**Task details**
Count every line in the entries that holds the word "want". The reply is that count alone.

**Records**
Segment Open

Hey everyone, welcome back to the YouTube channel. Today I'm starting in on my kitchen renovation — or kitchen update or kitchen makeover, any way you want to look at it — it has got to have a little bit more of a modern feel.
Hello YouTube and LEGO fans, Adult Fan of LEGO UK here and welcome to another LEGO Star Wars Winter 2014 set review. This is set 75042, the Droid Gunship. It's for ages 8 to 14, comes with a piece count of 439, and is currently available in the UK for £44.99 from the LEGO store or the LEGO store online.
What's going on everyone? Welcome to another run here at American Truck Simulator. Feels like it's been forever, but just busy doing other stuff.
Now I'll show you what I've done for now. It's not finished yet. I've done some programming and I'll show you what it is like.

Segment Closed
Segment Open

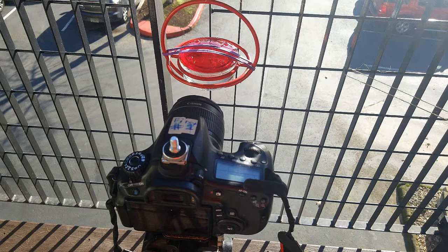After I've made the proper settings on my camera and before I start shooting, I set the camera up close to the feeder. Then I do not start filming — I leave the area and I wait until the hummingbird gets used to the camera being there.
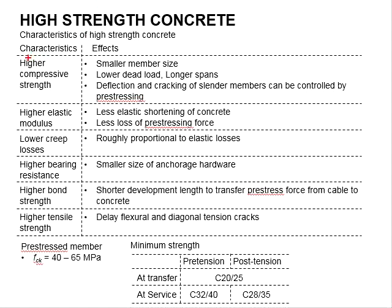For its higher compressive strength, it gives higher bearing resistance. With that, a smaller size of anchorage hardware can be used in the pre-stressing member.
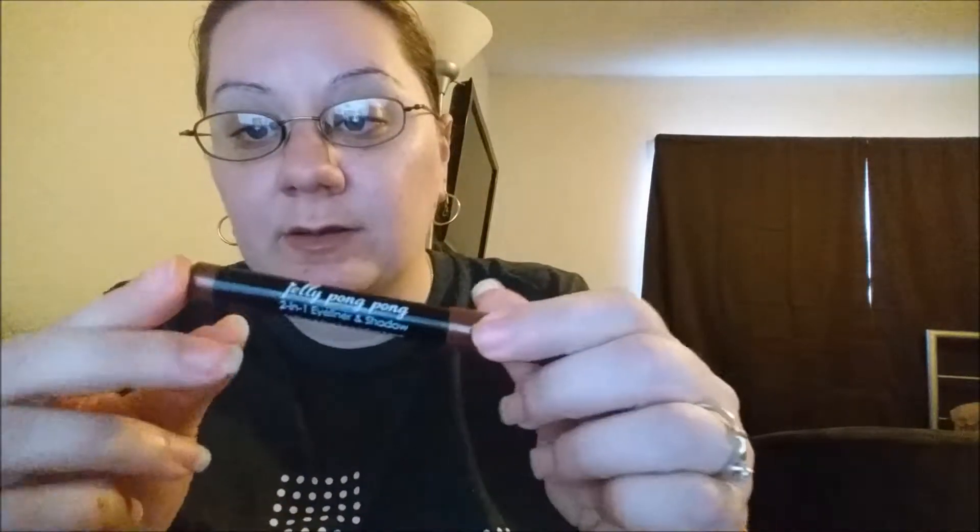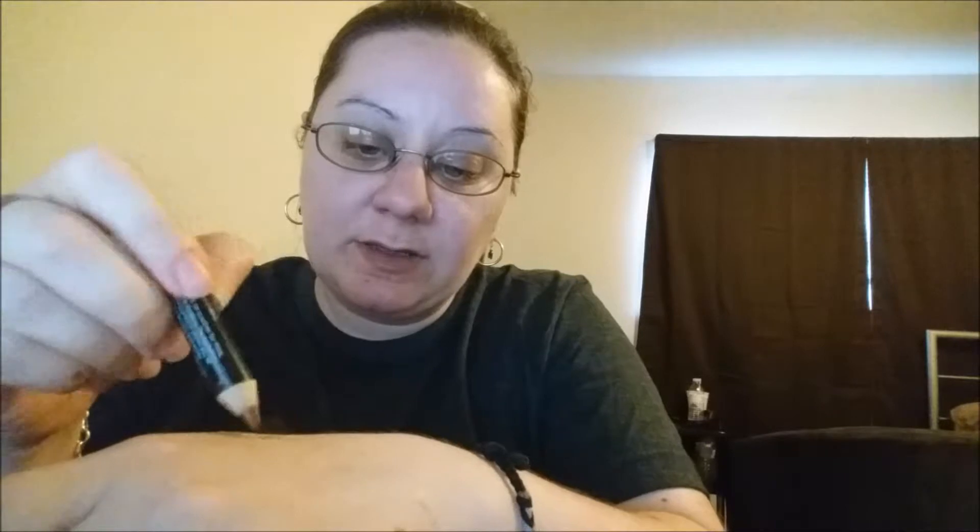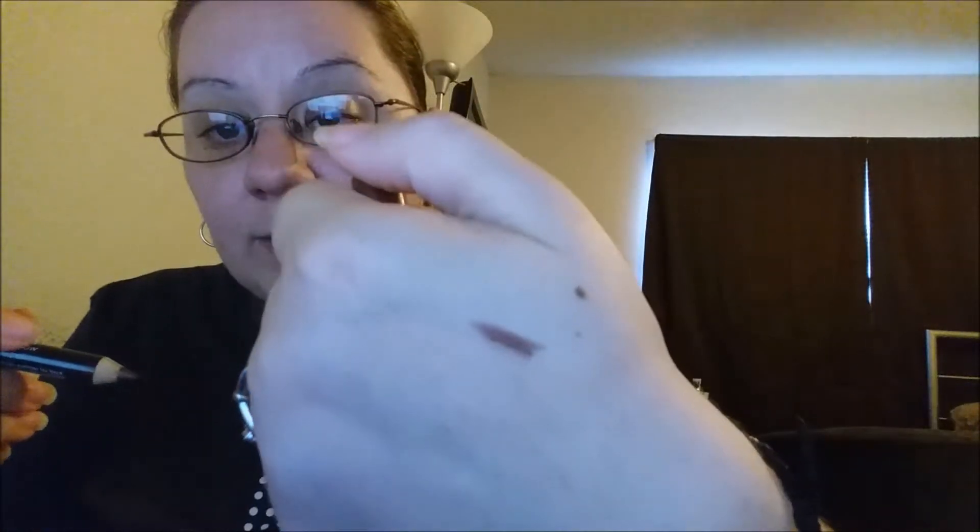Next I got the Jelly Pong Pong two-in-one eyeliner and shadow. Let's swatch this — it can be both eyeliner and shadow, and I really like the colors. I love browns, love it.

Segment Closed
Segment Open

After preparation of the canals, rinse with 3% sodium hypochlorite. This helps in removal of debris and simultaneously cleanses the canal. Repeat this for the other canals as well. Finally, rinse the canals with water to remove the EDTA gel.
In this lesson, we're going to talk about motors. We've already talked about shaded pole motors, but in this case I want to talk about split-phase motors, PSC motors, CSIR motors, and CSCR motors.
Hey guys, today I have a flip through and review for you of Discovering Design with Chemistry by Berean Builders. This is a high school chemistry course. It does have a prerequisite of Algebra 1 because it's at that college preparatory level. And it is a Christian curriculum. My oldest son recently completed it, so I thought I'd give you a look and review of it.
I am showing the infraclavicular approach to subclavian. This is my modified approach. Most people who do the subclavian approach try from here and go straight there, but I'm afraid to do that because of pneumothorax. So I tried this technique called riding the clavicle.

Segment Closed

**Solution to this task**
2